KOKOROKO
KOKOROKO
S'il y a bien une chose qui nous fait peur avec KOKOROKO, c'est notre potentielle incapacité à appréhender leur EP de manière ingénue. Il faut dire que plus d'un an de teasing intensif pour un quatre titres dont un qui n'est même pas un inédit, c'est quand même du jamais vu dans l'univers du jazz - pas certain qu'on trouverait cela normal pour un Kanye West ou un Kendrick Lamar. À tel point qu'on se demande depuis quelques mois si une telle hype ne va pas finir en bad buzz pour le fleuron du nouveau jazz anglais. Du coup, difficile de ne pas se retrouver face aux deux émotions qu'une telle attente procure habituellement : la lassitude et la déception. Heureusement, il n'est aucune épreuve que le professionnalisme de GMD ne puisse braver. On peut donc le dire avec d'autant plus d'aplomb qu'on a été un peu agacé par le packaging : l'EP de KOKOROKO est la claque qu'on n'osait pas attendre.
Ce qui marque le plus à l'écoute du disque, c'est l'énergie folle qui s'en dégage. Là où leurs potes du Ezra Collective peinent parfois à rendre en studio ce qui se produit sur scène, KOKOROKO laisse présager une tournée monstrueuse. Dès « Adwa », on comprend que chacun des membres dispose d'assez de technique et de maîtrise pour dynamiser à lui seul le titre. Au clavier d'abord, aux percussions ensuite, puis à la guitare : là où les anciens jazzeux se passaient les solos, eux se transmettent le groove. Même impression sur « Ti-de » : en essayant d'écouter les voix séparément, on est frappé d'à quel point chacune se suffit à elle-même autant qu'elle nourrit merveilleusement les autres.
C'est là tout le génie de KOKOROKO : avoir su distiller toute l'expression mélodique de l'Afrique de l'Ouest sans en récupérer l'aspect « fanfare » qui peut parfois y régner. Les chœurs et les percussions sont autant d'hommage à la musique éthiopienne qu'ils en sont de véritables dépassements. Et tout influencé par cet héritage, il n'est véritablement aucun moment de l'EP que le bande de Sheila Maurice-Grey ne teinte aussi de R'n'B, de funk et de soul. Le résultat est flamboyant et cool as f***. Et la réussite de cet EP est une réussite très propre au jazz anglais, fidèle à l'aspect populaire et dansant de ces morceaux, autant qu'à la subtilité de l'attention portée sur les musiques traditionnelles et au syncrétisme de l'univers londonien.

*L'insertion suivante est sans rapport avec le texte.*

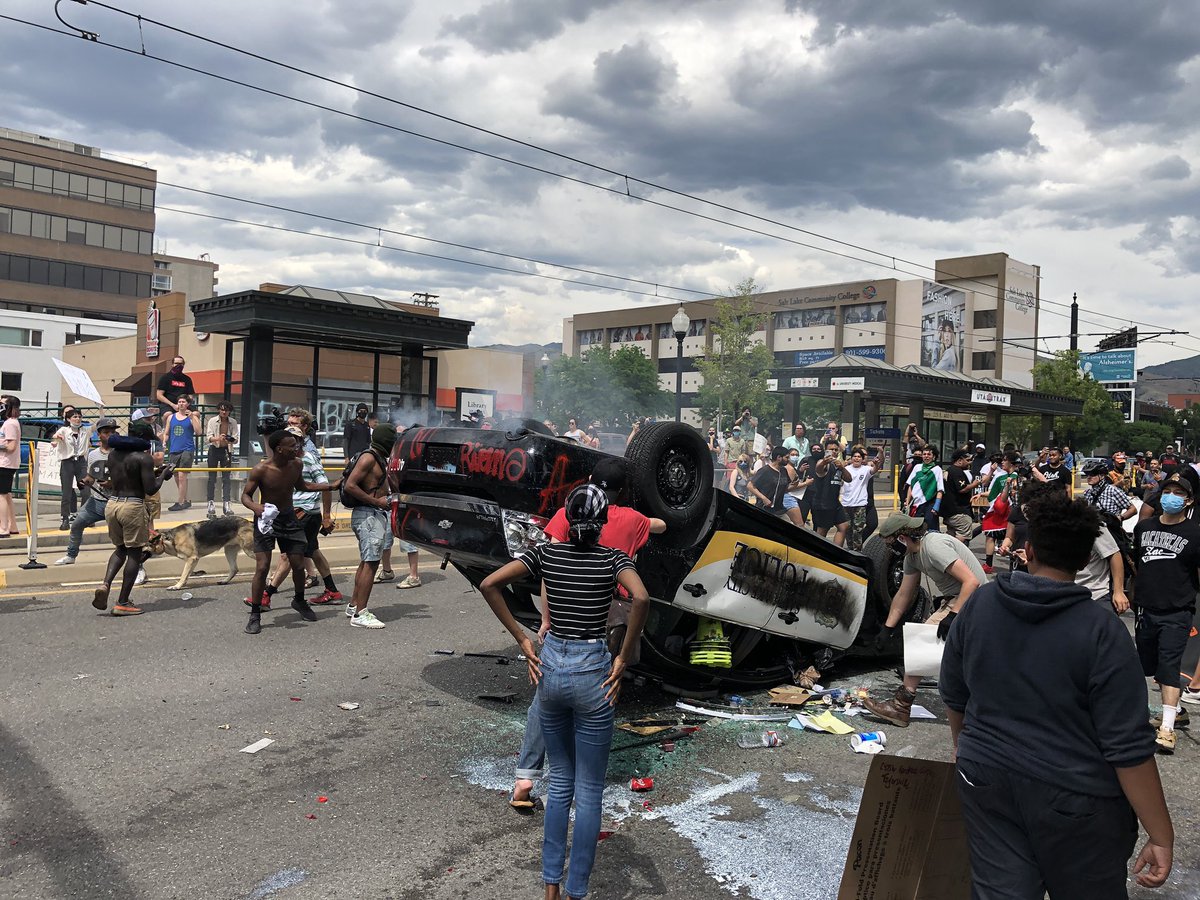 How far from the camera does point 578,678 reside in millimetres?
3070

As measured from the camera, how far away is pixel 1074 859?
7.07 feet

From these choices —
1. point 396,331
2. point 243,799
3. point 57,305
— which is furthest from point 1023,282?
point 243,799

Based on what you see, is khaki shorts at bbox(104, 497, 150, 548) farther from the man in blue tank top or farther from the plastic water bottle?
the man in blue tank top

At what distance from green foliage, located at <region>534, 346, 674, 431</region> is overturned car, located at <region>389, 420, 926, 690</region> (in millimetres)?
54935

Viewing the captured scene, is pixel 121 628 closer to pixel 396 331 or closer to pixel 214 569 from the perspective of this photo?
pixel 214 569

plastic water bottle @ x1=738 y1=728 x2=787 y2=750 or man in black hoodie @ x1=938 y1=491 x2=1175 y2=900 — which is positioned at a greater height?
man in black hoodie @ x1=938 y1=491 x2=1175 y2=900

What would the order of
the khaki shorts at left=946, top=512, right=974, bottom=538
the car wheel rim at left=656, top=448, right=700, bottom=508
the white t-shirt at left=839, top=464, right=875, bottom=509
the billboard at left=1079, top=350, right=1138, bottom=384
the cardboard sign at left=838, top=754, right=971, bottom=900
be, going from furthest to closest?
the billboard at left=1079, top=350, right=1138, bottom=384 < the white t-shirt at left=839, top=464, right=875, bottom=509 < the khaki shorts at left=946, top=512, right=974, bottom=538 < the car wheel rim at left=656, top=448, right=700, bottom=508 < the cardboard sign at left=838, top=754, right=971, bottom=900

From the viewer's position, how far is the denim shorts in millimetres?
7441

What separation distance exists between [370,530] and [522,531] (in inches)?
133

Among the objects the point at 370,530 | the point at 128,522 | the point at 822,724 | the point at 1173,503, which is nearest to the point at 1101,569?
the point at 1173,503

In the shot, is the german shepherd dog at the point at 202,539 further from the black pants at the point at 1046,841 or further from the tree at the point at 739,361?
the tree at the point at 739,361

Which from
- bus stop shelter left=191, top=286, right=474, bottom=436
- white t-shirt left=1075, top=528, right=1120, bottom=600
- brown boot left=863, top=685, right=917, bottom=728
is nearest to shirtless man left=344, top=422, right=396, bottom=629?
brown boot left=863, top=685, right=917, bottom=728

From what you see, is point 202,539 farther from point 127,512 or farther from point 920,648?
point 920,648

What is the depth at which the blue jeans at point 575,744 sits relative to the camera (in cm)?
306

On se demandait si le groupe était capable de reproduire une aussi belle machine à faire chialer que « Abusey Junction » : ici, l'échantillon dont on dispose tranche catégoriquement. L'ADN de KOKOROKO contient ce parfait dosage d'énergie et de relâchement dont on avait besoin, et qui en fait une sortie majeure de son temps, tant pour l'univers de la black music que pour l'état du jazz en 2019.